* [Task item]:
All of the data below must be reproduced word for word, but without its images.

* [Data below]:
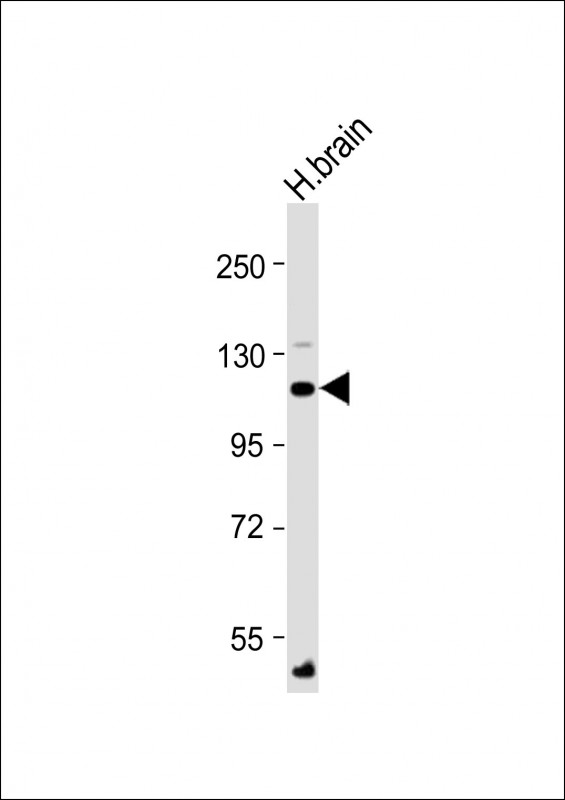 ATP1A4 Antibody - Anti-ATP1A4 Antibody (N-Term) at 1:2000 dilution + Human brain lysate Lysates/proteins at 20 µg per lane. Secondary Goat Anti-Rabbit IgG, (H+L), Peroxidase conjugated at 1/10000 dilution. Predicted band size: 114 kDa Blocking/Dilution buffer: 5% NFDM/TBST.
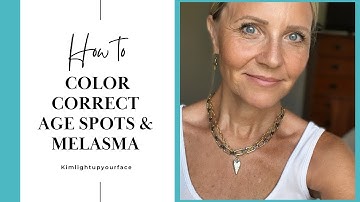 Color Correction- Age Spots & Melasma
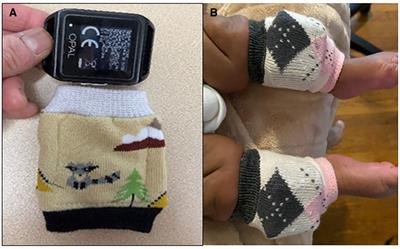 Locomotor learning in infants at high risk for cerebral palsy: A study protocol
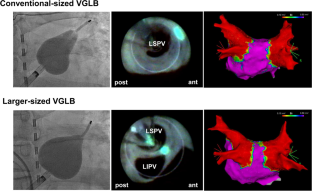 Quantitative comparison of the isolation lesions between conventional- and larger-sized visually guided laser balloon ablation.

* [Result]:
 ATP1A4 Antibody - Anti-ATP1A4 Antibody (N-Term) at 1:2000 dilution + Human brain lysate Lysates/proteins at 20 µg per lane. Secondary Goat Anti-Rabbit IgG, (H+L), Peroxidase conjugated at 1/10000 dilution. Predicted band size: 114 kDa Blocking/Dilution buffer: 5% NFDM/TBST.
 Color Correction- Age Spots & Melasma
 Locomotor learning in infants at high risk for cerebral palsy: A study protocol
 Quantitative comparison of the isolation lesions between conventional- and larger-sized visually guided laser balloon ablation.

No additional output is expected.